Of course, you could argue that it’s the overarching mystery — the one involving Inga — in Un-Go that’s really of interest. You could then say that the cases-of-the-week are just vehicles to deliver that story. Still, it would be nice if everything in the show — from top to bottom — was executed well. Of course, we want to know who or what Inga is, but it’s no fun when everything else is so predictable.
Anyway, it seems that with every new episode, we get a closer and closer look at Inga’s transformation process. Usually, anime will make a big deal out of a transformation sequence the first time and abbreviate each subsequent showings. Un-Go opts to go in the opposite direction, but for what reason? We also got to see child Inga display some inhuman traits. Obviously, transforming into a well-endowed woman is superhuman, but child Inga is apparently Stretch Armstrong as well.
Finally, how does the 9/11-esque setting tie into the bigger picture? We saw shots of a skyscraper collapsing, government in an uproar, Ground Zero-esque environments, etc. Some commenters call this show a dystopia, but I think that’s too broad and simple of a label. Sure, there are the familiar tropes of the ubiquitous police state and the burgeoning presence of Big Brother, but I get a very 21st century “War on Terrorism” vibe in Un-Go that wouldn’t have made sense twenty years ago.

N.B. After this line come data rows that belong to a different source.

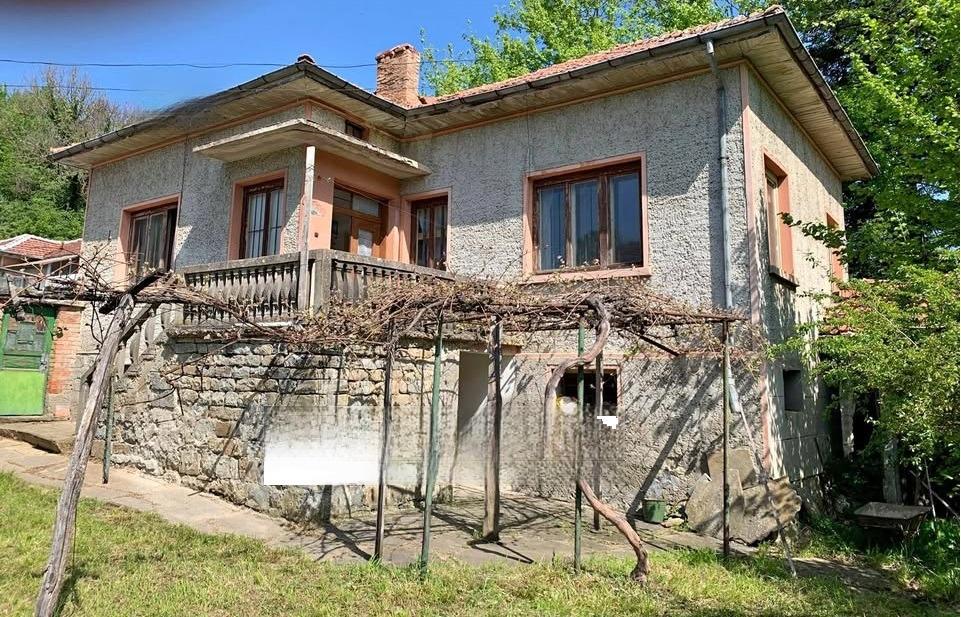 House for Sale in Kravenik, Gabrovo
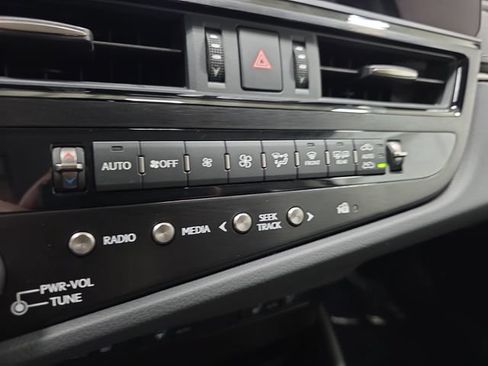 Used 2025 Lexus ES 350 w/ Premium Package FWD image 22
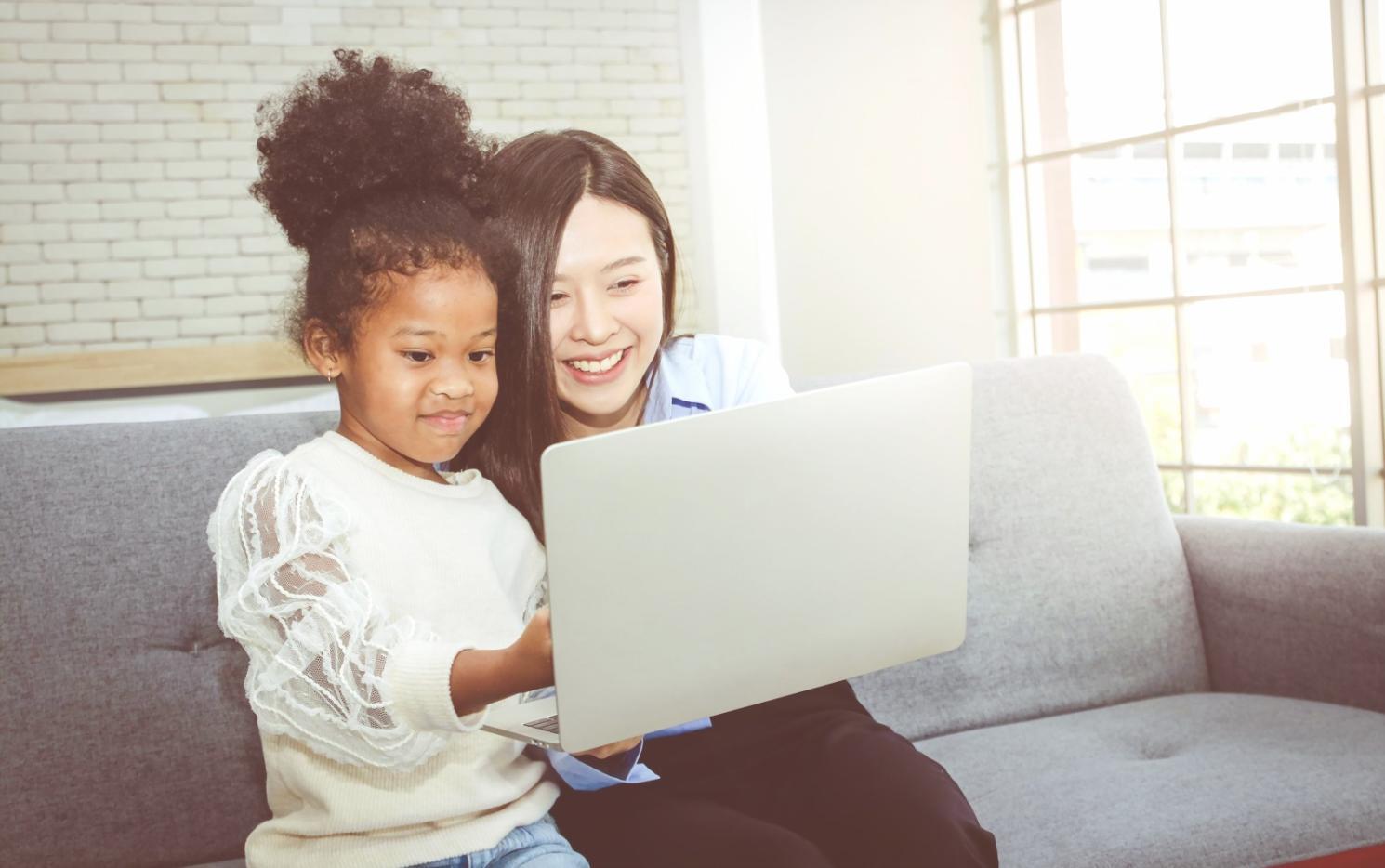 Sesje edukacyjne na platformie webinarowej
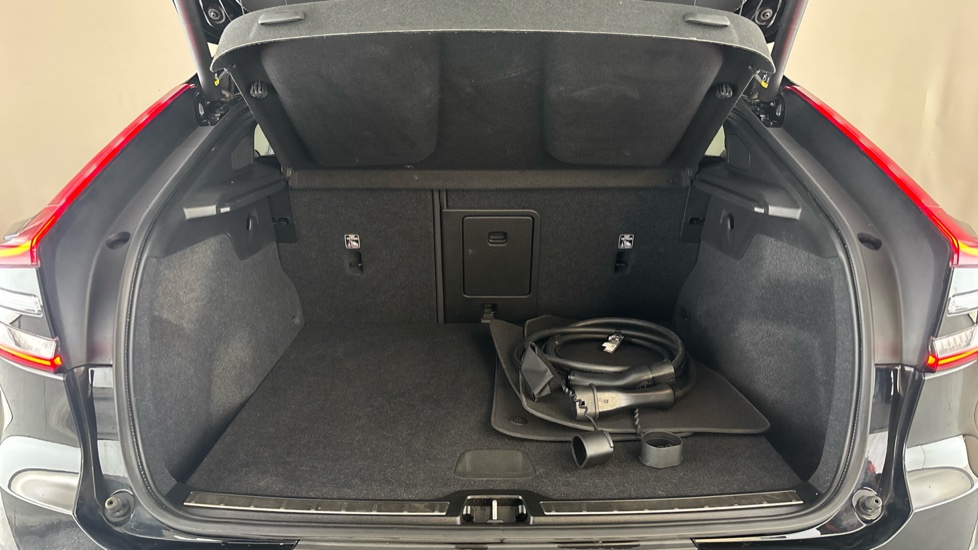 VOLVO C40 Image 15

To thus call the anime a dystopia just doesn’t quite do it justice, but the more important question is why? Why take stories from the Meiji era and add 21st century terrorism to it? Unfortunately, we are no closer to the answer and that’s a shame. Combined with an ineffectual case-of-the-week, this show sure felt like it was spinning its wheel in this third episode.
Anyway, sorry for the lack of updates. Hectic life and all.
P.S. What was with the animal brutality, i.e. Shinjuro throwing a rock at a dog?